Art. 10 (Prüfungskommission und Eignungsprüfung)

(1) Zu dem in Artikel 9 genannten Zweck ernennt die Landesregierung eine Kommission; sie besteht aus

  • a)  dem Direktor des für Reisebüros zuständigen Landesamtes als Vorsitzendem oder einem von ihm ernannten Vertreter,
  • b)  drei einschlägigen Fachleuten, von denen einer/eine von der in Südtirol repräsentativsten Organisation der Reisebüros namhaft gemacht wird,
  • c)  einem Experten für die jeweils geprüfte Sprache oder einem von ihm ernannten Ersatzmitglied.

(2) Für die Beschlussfähigkeit der Kommission ist die Anwesenheit der Kommissionsmitglieder gemäß Absatz 1 Buchstaben a) und c) und eines Mitgliedes gemäß Buchstabe b) erforderlich.

(3) Die Kommission bleibt fünf Jahre im Amt.

(4) Den anspruchsberechtigten Kommissionsmitgliedern werden, soweit sie zustehen, die Vergütungen gemäß Landesgesetz vom 19. März 1991, Nr. 6, ausbezahlt.
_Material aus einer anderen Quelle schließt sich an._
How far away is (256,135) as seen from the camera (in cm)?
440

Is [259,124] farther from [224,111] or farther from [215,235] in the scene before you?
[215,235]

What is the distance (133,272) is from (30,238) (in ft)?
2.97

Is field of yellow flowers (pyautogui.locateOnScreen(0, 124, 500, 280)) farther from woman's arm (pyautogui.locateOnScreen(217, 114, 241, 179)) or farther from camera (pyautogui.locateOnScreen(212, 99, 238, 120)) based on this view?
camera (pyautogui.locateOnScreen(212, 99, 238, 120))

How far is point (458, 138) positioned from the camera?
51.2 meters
(5) Zur Eignungsprüfung wird zugelassen, wer mindestens eine dreijährige Oberschule abgeschlossen hat oder ein Reifezeugnis besitzt und wenigstens ein Jahr lang in kaufmännischer Funktion bei einem Reisebüro, einem Tourismusverein oder einem Tourismusverband Dienst geleistet hat.

(6) Die Landesregierung bestimmt die Prüfungsfächer, während der Direktor der Landesabteilung Tourismus, Handel und Dienstleistungen die Kriterien und Verfahren für die Durchführung der Prüfungen festlegt.
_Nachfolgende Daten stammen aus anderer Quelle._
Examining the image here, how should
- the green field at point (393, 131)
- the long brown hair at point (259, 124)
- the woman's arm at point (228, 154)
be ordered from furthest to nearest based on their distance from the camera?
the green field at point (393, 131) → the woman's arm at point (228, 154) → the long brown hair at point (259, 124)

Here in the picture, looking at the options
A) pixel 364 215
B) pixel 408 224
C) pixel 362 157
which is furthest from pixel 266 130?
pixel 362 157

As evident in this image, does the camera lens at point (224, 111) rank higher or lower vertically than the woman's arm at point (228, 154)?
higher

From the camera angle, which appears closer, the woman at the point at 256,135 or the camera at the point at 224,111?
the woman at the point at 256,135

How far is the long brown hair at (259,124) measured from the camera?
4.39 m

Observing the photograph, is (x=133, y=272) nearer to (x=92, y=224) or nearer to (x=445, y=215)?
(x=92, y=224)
(7) Die Beherrschung der gewählten Sprachen kann auch mit dem Reifezeugnis einer Oberschule, in der fünf Jahre lang die angegebene Sprache gelehrt wurde, oder dem Laureat in Sprachen, dem Reifezeugnis eines Sprachengymnasiums oder mit auf internationaler Ebene anerkannten Bestätigungen für die Zulassung von Ausländern zu den Universitäten des Landes, in dem die gewählte Sprache Landessprache ist, nachgewiesen werden. Die Beherrschung der deutschen und der italienischen Sprache kann auch mit dem auf den Abschluss der Sekundarschule zweiten Grades bezogenen Zweisprachigkeitsnachweis belegt werden, der im Sinne von Artikel 4 des Dekrets des Präsidenten der Republik vom 26. Juli 1976, Nr. 752, in geltender Fassung, ausgestellt wurde.